Change of plans. Instead of going to the old calcite mine, “Borrego” Paul decides he’s going to take us to Coyote Canyon which, he says, isn’t near an earthquake fault zone, “it’s directly on it.” That’s why there’s a year-round creek that flows here in the desert. The creekbed follows the fractured rock of the San Jacinto fault zone which separates the mountain ranges that run through Anza-Borrego, the San Ysidro on the southwest and the Santa Rosa on the northeast.

“Borrego” Paul’s intention is to show us this unusual riparian wetlands which support dense stands of willows as well as cottonwood trees, acacia, and California fan palms.

We’ve made two crossings through the creek without any problem, but it’s when Paul decides to attempt a third one, in water a little deeper and wider than the others, that his Jeep, Ol’ Paint, up and dies.

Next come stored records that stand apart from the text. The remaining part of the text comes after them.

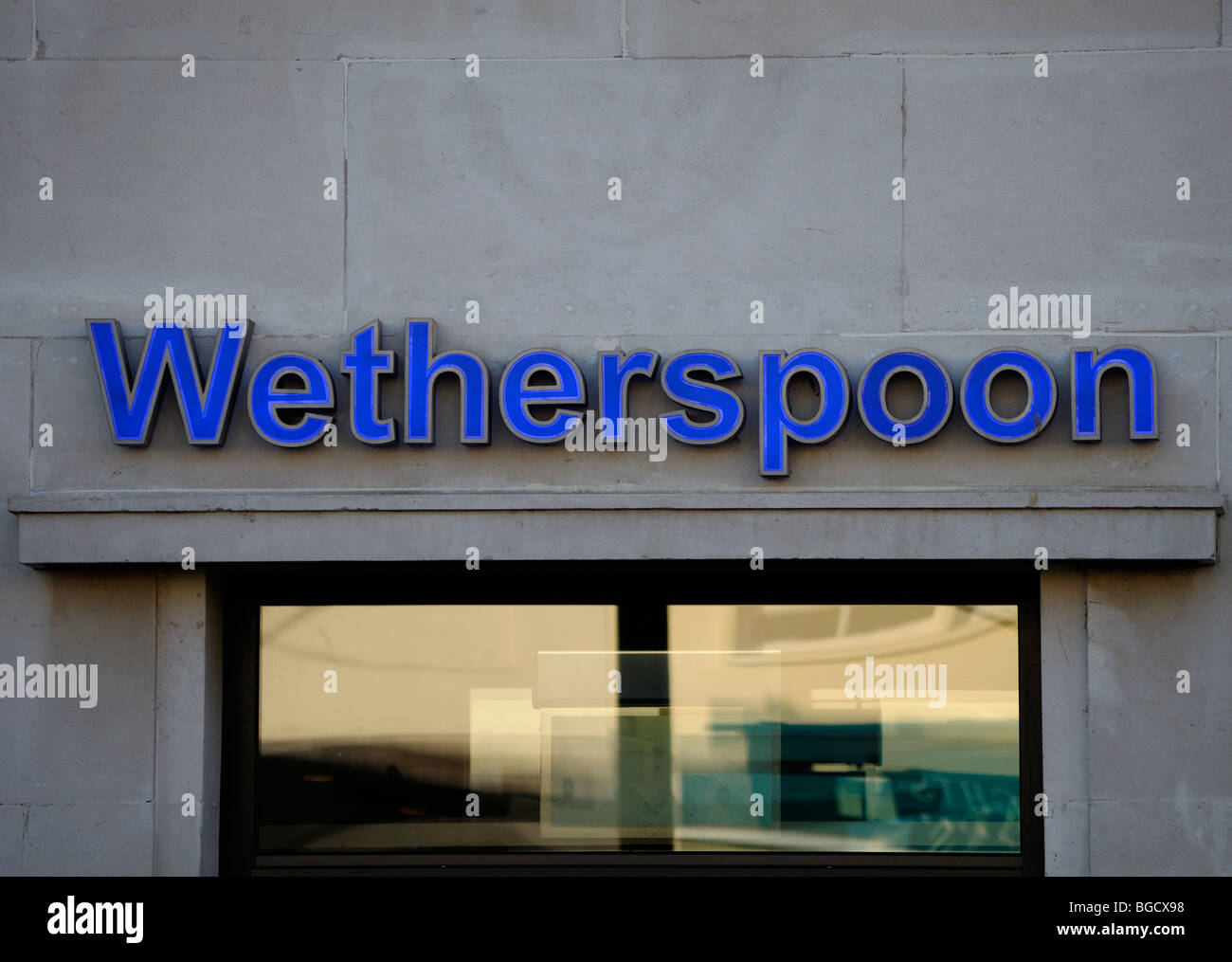 a wetherspoon pub sign, uk Stock Photo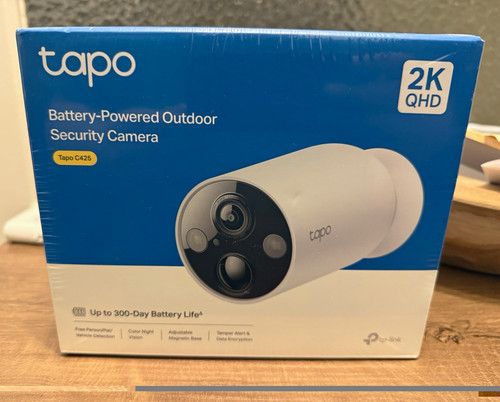Tapo c425 qhd - qhd, akku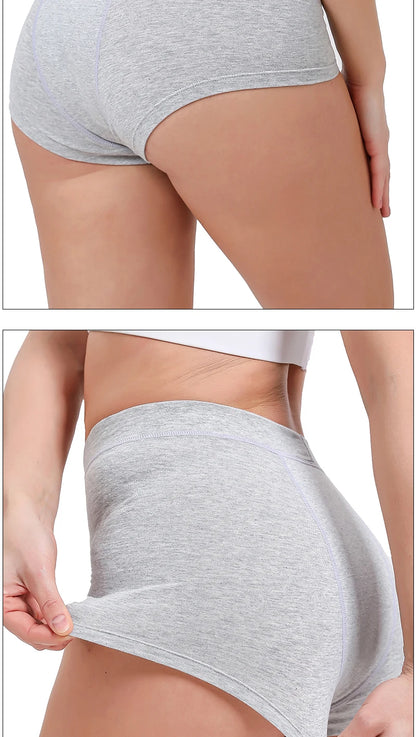 Menstrual Panties Woman Very Abundant Flow Menstrual Boxer Shorts High Waist Period Panties Cotton Menstruation Underwear Cycle.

“Come on, baby,” he says, trying to sweet talk her into moving. But Paint will have none of it. Standing up to her headlights in murky green water, she wheezes and backfires but refuses to move. Meanwhile, water is quickly seeping into the car from underneath the doors. We are in the middle of nowhere, approximately 6 miles away from the nearest paved road, on a blistering hot day with a dead vehicle.

“Well, boys,” says “Borrego” Paul, jumping out of Ol’ Paint and into the bug-infested green water. “Looks like you’re going to get more of a desert adventure than you bargained for.”

While Dale and I scratch our heads and wonder what to do, “Borrego” Paul grabs his cell phone and heads back down the road a mile or so to a high point where he thinks he might be able to get reception. An hour or so later, Paul’s wife, Sandy, has come to our rescue, pulling us out of the creek. After letting Paint dry out for half an hour or so, Paul gives her another go and she starts right up. In a two-car convoy, we head out of the desert as the afternoon draws long. When we come to the creek crossings, “Borrego” Paul pats the dashboard and talks the Jeep through the stream.”

“Easy, Paint…Easy now…Easy. Good girl”

Ol’ Paint does just fine.

As we pull into Borrego Springs, the sun just setting, “Borrego” Paul idles up in front of a local bar and offers to buy us a beer. “Or,” he says with a mischievous grin on his face, “we could head out into the desert with the lights off and see what we can find.”

Ten minutes later we are flying across a dry sand wash heading for the open desert with no particular destination in mind. Another adventure about to begin.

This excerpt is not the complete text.